两个人匆匆坐着卫家的私人飞机,赶去朝市。
到了郁庭雪的家门前,郁秋芜拿着钥匙,有些不太敢开。
原世界裏,郁庭雪不辞而别过。
大概是一个冬夜,郁秋芜记得那晚很冷。
当时她还在想,如果妈妈今天是清醒的回来,就跟她提开空调的事。
她裹着棉被,坐在餐桌上,对着两碗面条搓手。
她一直以为至少妈妈肯带走她,是爱她的。
就是她们的生活太拮据,妈妈给不了她太好。
所以她还在期待每晚门锁转动的声音。
尽管进门的那个人几乎没有清醒的时候,总是满身烟味,漂亮的凤眼被酒气韵满。
那晚上她等啊等,等到面坨成一团,冰凉得好似外面的雪,等到周遭的灯都灭了,也没有等到那声清脆的响。
郁庭雪就这么把她抛下了。
这次说不定也……
卫浅颂握住郁秋芜的手,将那颤抖按住。
郁秋芜闭眼,随后小心翼翼的把门锁打开。
裏面空无一人。
地上还摆着几瓶酒,和郁珩的积木玩具倒在一起。
窗帘没开,房间黑的吓人。
桌上甚至还有一碗没吃完的面,和半块插着蜡烛的蛋糕。
整个家颓唐的不像话,而种种痕迹看来,郁庭雪就像凭空消失一样。
郁秋芜慢慢的转完了整个家,真就只找到了郁庭雪的几根头发。
她再也坚持不住了,抱着卫浅颂,颤抖着,低声抽泣起来。
卫浅颂轻轻的顺着郁秋芜的脊背。
她对这个素未谋面的丈母娘有了些怨。
如果这人是故意离开的,至少,也得和郁秋芜说一声吧?
她是个母亲吗?她有没有爱过这个孩子?
她走的时候,都在想什么?
“先报警吧。”卫浅颂打开手机,拨通电话。
她们找了个地方坐下。
最近失踪的人好像有点多。对面支吾了半天也没给卫浅颂一个准信,只说已经把信息记录下来了,一定会办。
卫浅颂盘算着再麻烦一下卫清吟。
等卫浅颂打完电话,郁秋芜也没再哭了,只是靠在卫浅颂身上抽噎着。
“她肯定是走了。”郁秋芜抱的那样紧,恨不得和卫浅颂融为一体一样。
“万一只是外出有事呢?”卫浅颂想办法安慰着郁秋芜。
郁秋芜摇头。“她……早就想走了。她和那边的她简直一模一样,酗酒抽烟,只是比那边的清醒不少。”

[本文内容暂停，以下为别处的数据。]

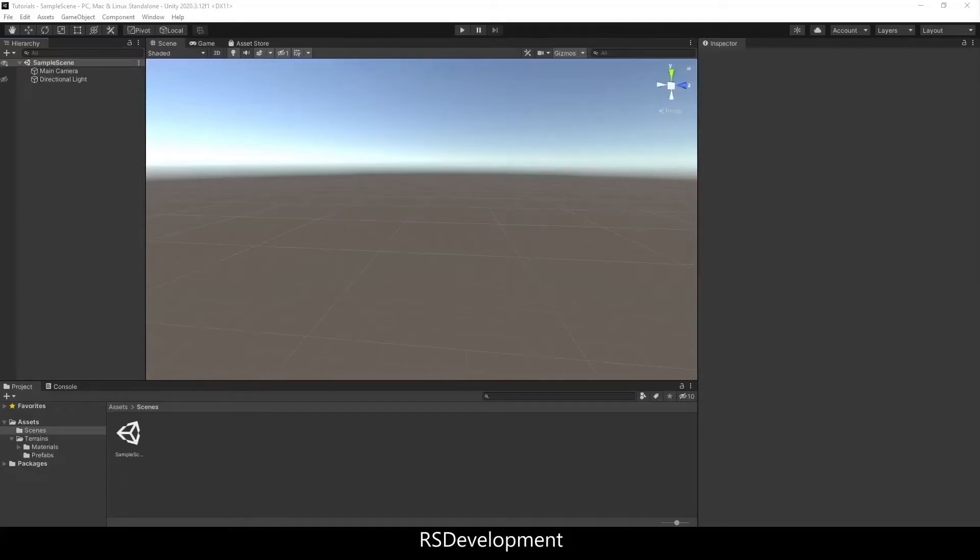The goal of this video is to set up a desert environment in Unity using Unity's terrain functionality as well as setting up the sand or desert material in another application called Blender.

“我最开始穿越过来,看见她,我其实是有点高兴的。我还挺……渴望一个温暖的家,渴望父母的爱。我想着都换了个世界,总不至于我的妈妈依旧那样……可是没有意外,她就是那么的冷漠,换一个世界也一样。”
“我觉得她不爱我,不爱她的女儿。她看我的眼神很淡漠,好似她只是认识我,心裏却没有我。她跟我的交流就像完成任务一样。前两天你也听到了……”

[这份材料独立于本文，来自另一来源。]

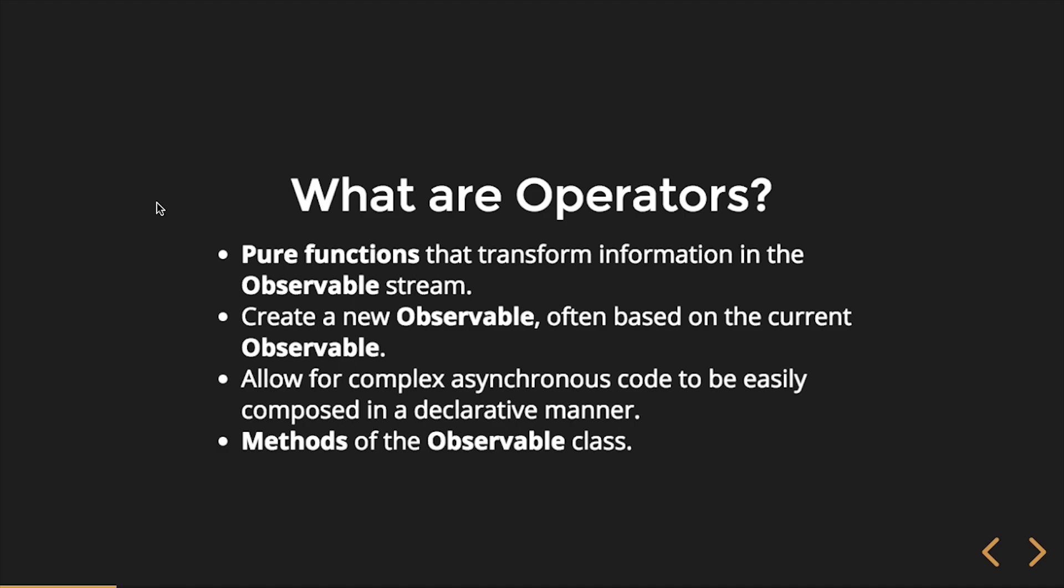One of the benefits of pure functions are? Starts with M. So, we often will use them with immutable objects, but they're memorizable. What we can do is we can cache it. Because we know that we always get the same value returned from that function based on the same inputs, we can cache it.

“我试着让她留下来过。郁珩……郁珩出生以后,她好转了不少,所以我也经常让她帮着带一带郁珩。郁珩在的时候,她精神状态会好上不少,烟和酒也都戒了。可是……”
卫浅颂的心也跟着在痛。
她的阿无多可怜,就好像上天针对她一般,无论在哪儿,都不给她亲情。
“把这裏收一下吧,说不定会有什么线索。”
卫浅颂回忆了一下前两天跟郁秋芜一起给郁庭雪打的电话。
郁庭雪说的有些多,末了郁秋芜还吐槽说她变唠叨了,就像最后一次叮嘱郁秋芜一样。
都是有迹可循的。郁庭雪多半是主动离开了。
她们最终还是在这间屋子裏翻到了一份日记。
摆在郁庭雪的书房,翻开的。
郁秋芜想把它封回箱子裏。
“等等,她好像想让你看看。”卫浅颂註意到翻开那页的字。
两个人只好又坐下,翻看起这份手写的日记。
日记开始的时间很奇怪。不是任何人的生日,不是什么特别的日子。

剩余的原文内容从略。